Color Brewer Palettes
# Color Brewer links with the shapefile to make thematic maps.
display.brewer.all() # Displays all the colors available
# Use brewer.pal(#,'Type') to create a palette
pal7 <- brewer.pal(7, "Spectral") # Makes a 7-color spectral palette
display.brewer.pal(7, "Spectral") # This displays the colors
pal7 # Returns esoteric list of color codes. Not helpful
## [1] "#D53E4F" "#FC8D59" "#FEE08B" "#FFFFBF" "#E6F598" "#99D594" "#3288BD"
Classifying Data using classIntervals() and findColours()
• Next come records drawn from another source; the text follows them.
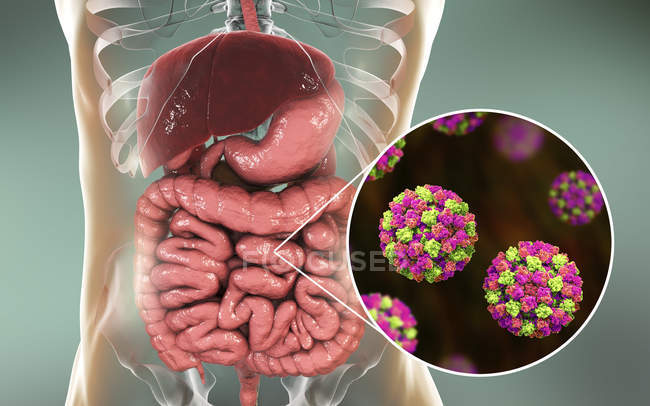 Infecção por norovírus no intestino delgado, ilustração digital
. — Fotografia de Stock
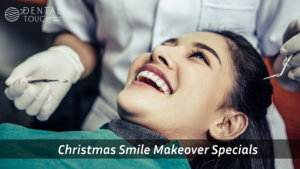 Smile makeover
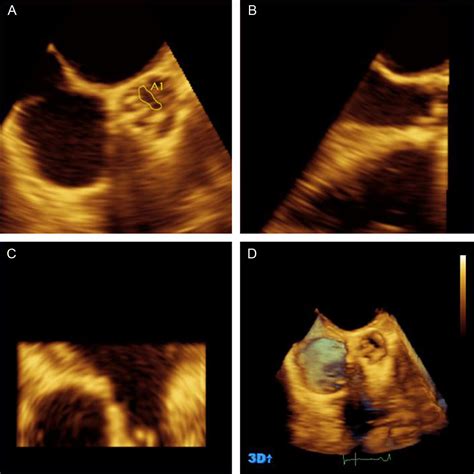 Severe Aortic Valve Stenosis With Low-gradient and Preserved Ejection Fraction: A ...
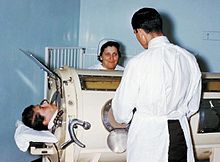 Un hombre enfermo de polio dentro de un ventilador de presión negativa en 1960.  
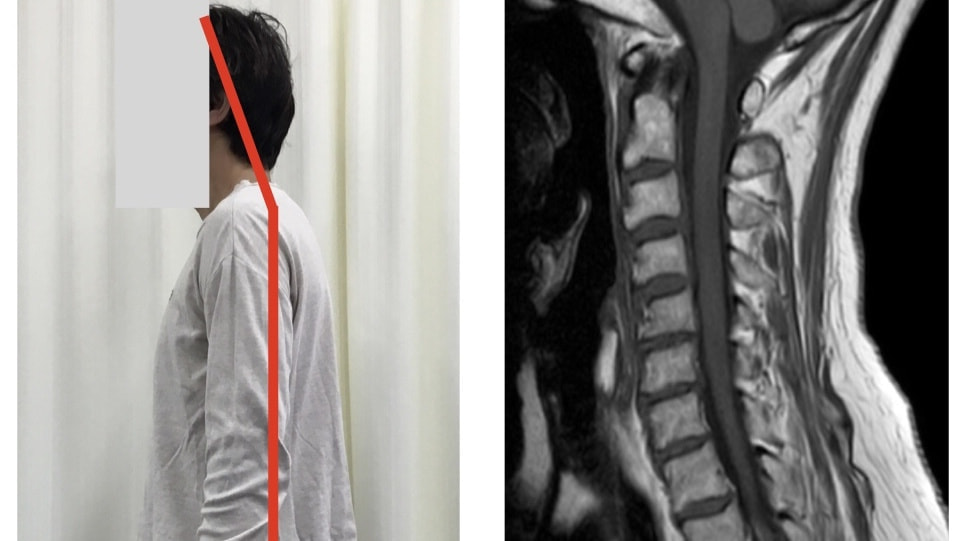 肩甲上腕リズム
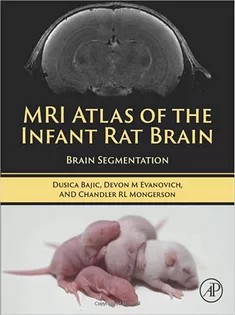 دانلود کتاب MRI Atlas of the Infant Rat Brain: Brain Segmentation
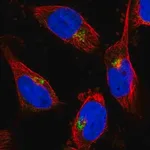 Merck Anti-CYB5R2 antibody produced in rabbit
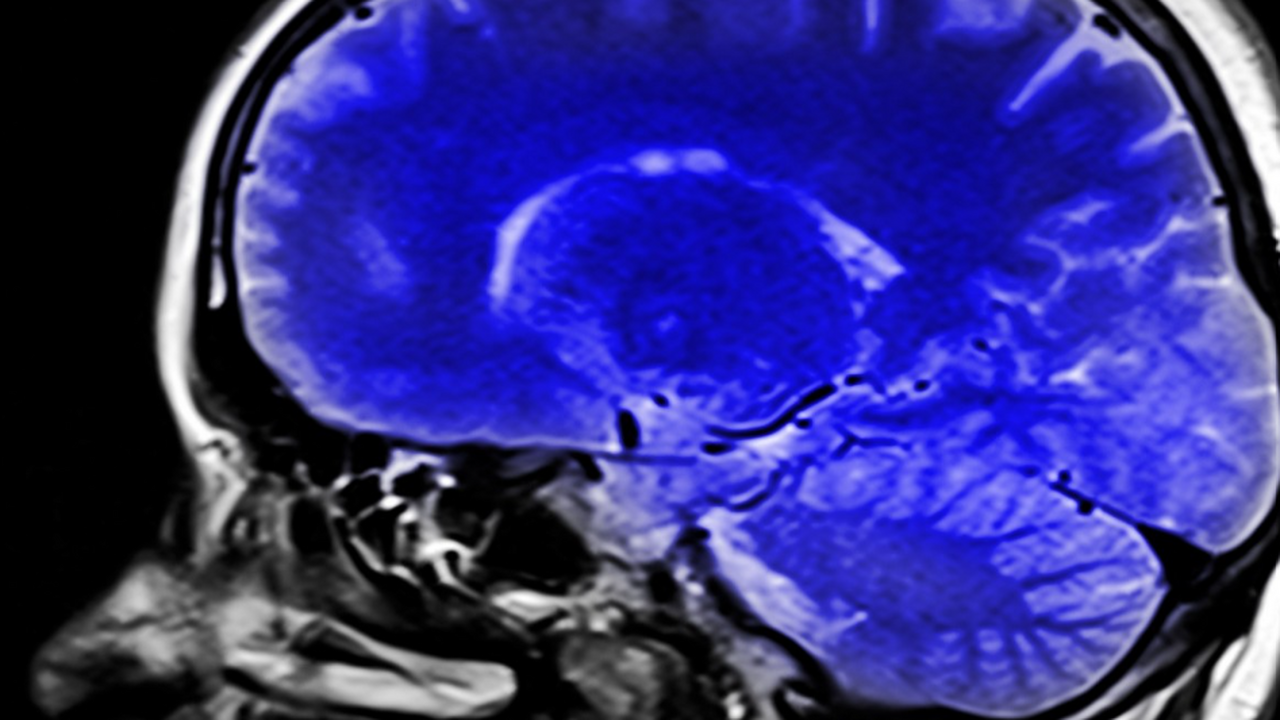 Учёные выяснили, что опасность для мозга опреде...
# SS: Create a column that holds the percent of all votes that went to
# G.W. Bush in 2004.
USA$BushPct <- USA$Bush/USA$Total
# Create the classification intervals using classIntervals(DATA, n=
# #OFCLASSES, style='STYLE') Styles are the basics like
# 'quantile','equal','fixed','sd','jenks', and apparently 'pretty'
cats7 <- classIntervals(USA$BushPct, n = 7, style = "quantile")
cats7 # Returns the bins for each classification.
## style: quantile
## [0.09308,0.4746) [0.4746,0.5415) [0.5415,0.5907) [0.5907,0.6336)
## 444 444 444 444
## [0.6336,0.6801) [0.6801,0.7421) [0.7421,0.9283]
## 444 444 444
# Link the color pallette to the categories using
# findColours(CATEGORIES,PALETTE)
SevenColors <- findColours(cats7, pal7)
# Draw a map using specificed data and colors
plot(USA, col = SevenColors, main = "2004 Voting Percentage for Bush") # The col= argument provides the coloring scheme.
Mapping Deviations from the Mean
# Create a new column to hold the standardized percent bush (Z Scores) by
# subtracting the mean % and dividing by the std dev.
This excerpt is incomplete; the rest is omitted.